Work item. Return the lines from the one containing "2023 Toyota Corolla Cross XLE" to the end of the material, both end lines included, exactly and with nothing else.
□ □ □ □
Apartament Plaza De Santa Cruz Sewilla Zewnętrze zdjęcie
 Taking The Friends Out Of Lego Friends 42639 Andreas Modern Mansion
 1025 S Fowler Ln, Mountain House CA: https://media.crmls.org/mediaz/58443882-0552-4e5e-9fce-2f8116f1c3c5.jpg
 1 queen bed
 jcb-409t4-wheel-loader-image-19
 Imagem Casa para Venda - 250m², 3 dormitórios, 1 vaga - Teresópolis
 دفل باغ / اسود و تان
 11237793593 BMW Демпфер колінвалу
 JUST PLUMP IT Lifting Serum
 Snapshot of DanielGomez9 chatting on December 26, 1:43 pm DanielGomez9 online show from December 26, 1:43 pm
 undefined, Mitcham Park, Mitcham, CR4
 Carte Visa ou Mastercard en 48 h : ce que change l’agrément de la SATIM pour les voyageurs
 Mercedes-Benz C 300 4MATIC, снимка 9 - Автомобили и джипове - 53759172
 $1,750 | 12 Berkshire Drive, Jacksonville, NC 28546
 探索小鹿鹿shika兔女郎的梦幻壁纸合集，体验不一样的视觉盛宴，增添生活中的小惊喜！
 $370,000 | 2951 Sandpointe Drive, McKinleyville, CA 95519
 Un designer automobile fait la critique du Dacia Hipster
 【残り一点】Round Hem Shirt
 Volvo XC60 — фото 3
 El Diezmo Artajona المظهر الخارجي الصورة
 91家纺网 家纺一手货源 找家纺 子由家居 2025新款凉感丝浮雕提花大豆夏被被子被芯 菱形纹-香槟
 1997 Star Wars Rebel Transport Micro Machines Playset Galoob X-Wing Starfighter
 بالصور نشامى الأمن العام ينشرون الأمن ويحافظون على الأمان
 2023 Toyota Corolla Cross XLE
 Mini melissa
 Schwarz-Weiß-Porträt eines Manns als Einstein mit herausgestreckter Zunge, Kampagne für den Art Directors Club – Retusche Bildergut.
□ □ □ □
Your solution.
 2023 Toyota Corolla Cross XLE
 Mini melissa
 Schwarz-Weiß-Porträt eines Manns als Einstein mit herausgestreckter Zunge, Kampagne für den Art Directors Club – Retusche Bildergut.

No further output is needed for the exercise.